LIXIL、AI活用でトヨタ元町工場のトイレ改修支援、AIセンシングで「混まないトイレ」実現へ

■混雑解析とシミュレーションで快適な職場環境を構築

 LIXIL<5938>(東証プライム)は10月28日、トヨタ自動車<7203>(東証プライム)元町工場(愛知県豊田市)で、AIを活用したトイレ改修計画の実証プロジェクトを実施したと発表。老朽化した工場施設の改善を進めるトヨタ自動車の方針に基づき、混雑の可視化と予測シミュレーションを通じて、快適で効率的な職場環境づくりを支援する狙いがある。LIXILは独自のAI設計支援サービス「A-SPEC Pro」を活用し、実測データをもとに最適なトイレ改修案を提案した。

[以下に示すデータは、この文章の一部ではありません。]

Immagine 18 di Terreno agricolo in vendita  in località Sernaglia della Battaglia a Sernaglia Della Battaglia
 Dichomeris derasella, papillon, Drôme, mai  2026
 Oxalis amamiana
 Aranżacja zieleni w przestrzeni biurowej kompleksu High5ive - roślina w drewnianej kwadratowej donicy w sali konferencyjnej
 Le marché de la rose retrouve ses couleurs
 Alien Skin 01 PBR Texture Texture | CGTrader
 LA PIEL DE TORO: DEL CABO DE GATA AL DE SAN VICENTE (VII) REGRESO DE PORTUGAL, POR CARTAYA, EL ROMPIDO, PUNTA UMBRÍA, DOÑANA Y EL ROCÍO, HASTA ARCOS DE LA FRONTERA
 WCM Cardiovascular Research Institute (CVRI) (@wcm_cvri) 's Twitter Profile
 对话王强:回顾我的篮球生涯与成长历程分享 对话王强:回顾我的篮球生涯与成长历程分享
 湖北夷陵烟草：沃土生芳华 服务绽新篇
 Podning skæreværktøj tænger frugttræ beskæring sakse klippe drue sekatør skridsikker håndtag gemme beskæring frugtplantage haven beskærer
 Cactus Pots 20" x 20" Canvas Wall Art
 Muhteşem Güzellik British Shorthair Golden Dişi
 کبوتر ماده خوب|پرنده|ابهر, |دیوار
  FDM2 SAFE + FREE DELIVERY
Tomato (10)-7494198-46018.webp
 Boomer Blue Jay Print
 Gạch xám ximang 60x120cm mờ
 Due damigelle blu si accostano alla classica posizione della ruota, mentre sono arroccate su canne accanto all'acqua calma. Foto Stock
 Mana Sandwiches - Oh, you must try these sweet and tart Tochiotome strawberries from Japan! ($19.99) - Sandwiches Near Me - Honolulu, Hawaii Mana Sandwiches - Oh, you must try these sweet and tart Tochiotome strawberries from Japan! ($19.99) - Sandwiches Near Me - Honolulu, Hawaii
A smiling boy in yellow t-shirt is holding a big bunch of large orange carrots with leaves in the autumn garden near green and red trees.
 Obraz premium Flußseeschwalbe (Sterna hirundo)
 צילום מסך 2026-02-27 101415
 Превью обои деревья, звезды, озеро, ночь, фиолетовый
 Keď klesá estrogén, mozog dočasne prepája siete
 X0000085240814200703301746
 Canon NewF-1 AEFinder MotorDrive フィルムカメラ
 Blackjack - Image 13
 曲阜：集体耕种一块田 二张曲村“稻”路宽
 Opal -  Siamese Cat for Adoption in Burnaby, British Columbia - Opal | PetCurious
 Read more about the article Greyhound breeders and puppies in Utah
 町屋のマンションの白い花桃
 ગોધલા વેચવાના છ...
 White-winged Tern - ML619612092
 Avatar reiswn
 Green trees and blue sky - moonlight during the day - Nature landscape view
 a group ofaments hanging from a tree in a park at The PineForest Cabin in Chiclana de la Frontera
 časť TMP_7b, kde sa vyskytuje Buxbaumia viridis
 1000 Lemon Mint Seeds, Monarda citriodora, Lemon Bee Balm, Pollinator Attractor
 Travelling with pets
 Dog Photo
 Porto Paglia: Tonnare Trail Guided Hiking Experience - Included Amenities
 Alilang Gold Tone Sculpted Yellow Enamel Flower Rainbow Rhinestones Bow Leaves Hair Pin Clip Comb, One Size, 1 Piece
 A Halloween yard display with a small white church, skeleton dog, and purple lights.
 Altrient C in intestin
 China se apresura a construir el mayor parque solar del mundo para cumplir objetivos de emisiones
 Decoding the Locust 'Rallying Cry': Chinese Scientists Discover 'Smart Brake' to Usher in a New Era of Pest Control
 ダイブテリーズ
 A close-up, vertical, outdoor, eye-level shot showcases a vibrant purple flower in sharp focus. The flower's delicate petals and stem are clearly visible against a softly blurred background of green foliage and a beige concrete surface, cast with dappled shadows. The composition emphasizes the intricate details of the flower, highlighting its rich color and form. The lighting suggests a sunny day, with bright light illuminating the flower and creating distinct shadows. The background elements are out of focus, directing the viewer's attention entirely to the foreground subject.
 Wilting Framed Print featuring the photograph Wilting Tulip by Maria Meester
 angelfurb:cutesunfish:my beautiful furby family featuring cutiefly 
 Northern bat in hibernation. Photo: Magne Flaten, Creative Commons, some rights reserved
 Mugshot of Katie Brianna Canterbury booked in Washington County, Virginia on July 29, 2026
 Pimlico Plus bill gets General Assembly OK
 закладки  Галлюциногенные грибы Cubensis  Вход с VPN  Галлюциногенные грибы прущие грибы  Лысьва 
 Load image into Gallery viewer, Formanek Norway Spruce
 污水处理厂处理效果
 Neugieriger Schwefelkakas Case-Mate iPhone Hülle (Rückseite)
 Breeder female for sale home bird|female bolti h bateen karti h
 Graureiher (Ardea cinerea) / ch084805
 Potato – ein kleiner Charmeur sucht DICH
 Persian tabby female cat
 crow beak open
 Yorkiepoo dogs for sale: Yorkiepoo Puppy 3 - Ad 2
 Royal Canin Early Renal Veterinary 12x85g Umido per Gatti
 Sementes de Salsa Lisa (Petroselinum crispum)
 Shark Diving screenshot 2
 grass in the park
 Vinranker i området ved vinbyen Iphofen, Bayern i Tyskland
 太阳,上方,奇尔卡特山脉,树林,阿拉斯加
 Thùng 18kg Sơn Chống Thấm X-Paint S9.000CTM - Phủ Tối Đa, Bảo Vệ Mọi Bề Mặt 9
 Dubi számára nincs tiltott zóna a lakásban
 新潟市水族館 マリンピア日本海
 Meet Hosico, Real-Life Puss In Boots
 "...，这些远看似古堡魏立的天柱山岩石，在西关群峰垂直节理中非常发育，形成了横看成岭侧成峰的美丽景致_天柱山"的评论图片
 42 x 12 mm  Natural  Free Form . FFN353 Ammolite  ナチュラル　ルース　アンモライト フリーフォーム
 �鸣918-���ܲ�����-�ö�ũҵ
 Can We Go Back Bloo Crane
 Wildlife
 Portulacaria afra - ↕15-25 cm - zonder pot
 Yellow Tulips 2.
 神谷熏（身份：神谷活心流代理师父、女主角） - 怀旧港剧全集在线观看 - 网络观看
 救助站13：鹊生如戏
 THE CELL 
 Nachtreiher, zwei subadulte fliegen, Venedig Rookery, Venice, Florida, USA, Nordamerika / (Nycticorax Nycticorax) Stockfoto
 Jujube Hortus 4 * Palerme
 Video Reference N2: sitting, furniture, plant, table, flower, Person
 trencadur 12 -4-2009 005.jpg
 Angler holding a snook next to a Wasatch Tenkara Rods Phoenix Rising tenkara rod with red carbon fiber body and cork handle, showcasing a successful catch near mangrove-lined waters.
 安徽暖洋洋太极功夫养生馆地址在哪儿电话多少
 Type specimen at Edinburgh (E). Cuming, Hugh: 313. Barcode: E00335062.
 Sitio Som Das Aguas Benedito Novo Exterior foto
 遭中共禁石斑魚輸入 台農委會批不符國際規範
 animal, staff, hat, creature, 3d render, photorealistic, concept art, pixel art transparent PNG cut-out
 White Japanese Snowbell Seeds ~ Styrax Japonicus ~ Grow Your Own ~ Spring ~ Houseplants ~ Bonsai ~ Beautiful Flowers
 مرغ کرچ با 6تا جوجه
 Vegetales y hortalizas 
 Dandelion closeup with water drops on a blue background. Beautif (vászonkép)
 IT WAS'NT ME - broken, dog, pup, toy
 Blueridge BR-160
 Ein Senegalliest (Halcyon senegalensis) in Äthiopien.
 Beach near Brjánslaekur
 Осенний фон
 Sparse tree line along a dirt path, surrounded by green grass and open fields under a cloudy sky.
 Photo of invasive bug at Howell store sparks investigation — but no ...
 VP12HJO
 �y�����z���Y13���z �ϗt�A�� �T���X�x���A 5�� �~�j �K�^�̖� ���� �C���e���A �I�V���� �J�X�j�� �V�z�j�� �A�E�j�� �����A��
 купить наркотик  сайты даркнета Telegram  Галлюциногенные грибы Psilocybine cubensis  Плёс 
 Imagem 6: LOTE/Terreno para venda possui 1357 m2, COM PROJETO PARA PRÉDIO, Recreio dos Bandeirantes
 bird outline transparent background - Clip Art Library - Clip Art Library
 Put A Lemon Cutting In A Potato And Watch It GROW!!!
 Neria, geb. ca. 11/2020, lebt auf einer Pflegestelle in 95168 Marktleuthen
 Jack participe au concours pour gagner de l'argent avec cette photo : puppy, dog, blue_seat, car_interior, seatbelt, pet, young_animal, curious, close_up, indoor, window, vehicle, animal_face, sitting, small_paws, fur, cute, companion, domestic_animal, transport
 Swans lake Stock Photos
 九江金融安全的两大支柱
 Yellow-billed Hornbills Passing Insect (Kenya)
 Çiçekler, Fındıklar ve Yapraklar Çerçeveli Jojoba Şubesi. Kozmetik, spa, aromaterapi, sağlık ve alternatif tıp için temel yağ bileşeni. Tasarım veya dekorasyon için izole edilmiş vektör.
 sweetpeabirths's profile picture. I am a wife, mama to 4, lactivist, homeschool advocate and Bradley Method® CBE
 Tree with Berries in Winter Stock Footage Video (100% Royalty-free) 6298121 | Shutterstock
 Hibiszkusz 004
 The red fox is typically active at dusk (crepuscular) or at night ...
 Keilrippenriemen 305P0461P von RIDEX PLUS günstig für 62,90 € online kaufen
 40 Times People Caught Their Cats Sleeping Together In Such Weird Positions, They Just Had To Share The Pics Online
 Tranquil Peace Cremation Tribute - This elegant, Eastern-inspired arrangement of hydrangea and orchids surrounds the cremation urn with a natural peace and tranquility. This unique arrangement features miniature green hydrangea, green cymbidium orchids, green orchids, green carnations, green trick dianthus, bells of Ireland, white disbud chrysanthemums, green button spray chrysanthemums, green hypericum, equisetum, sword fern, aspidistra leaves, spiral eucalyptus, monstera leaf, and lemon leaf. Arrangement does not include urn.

 今回の実証では、ソニーセミコンダクタソリューションズのインテリジェントビジョンセンサー「IMX500」とエッジAIプラットフォーム「AITRIOS」を採用。トイレ利用の混雑状況をセンシングし、業務特性や時間帯による利用傾向を分析した。得られたデータをもとに、器具数や配置を検討する混雑予測シミュレーションを行い、数値に裏付けられた改修プランを作成した。これにより、休憩時間の待機削減や従業員満足度の向上を図った。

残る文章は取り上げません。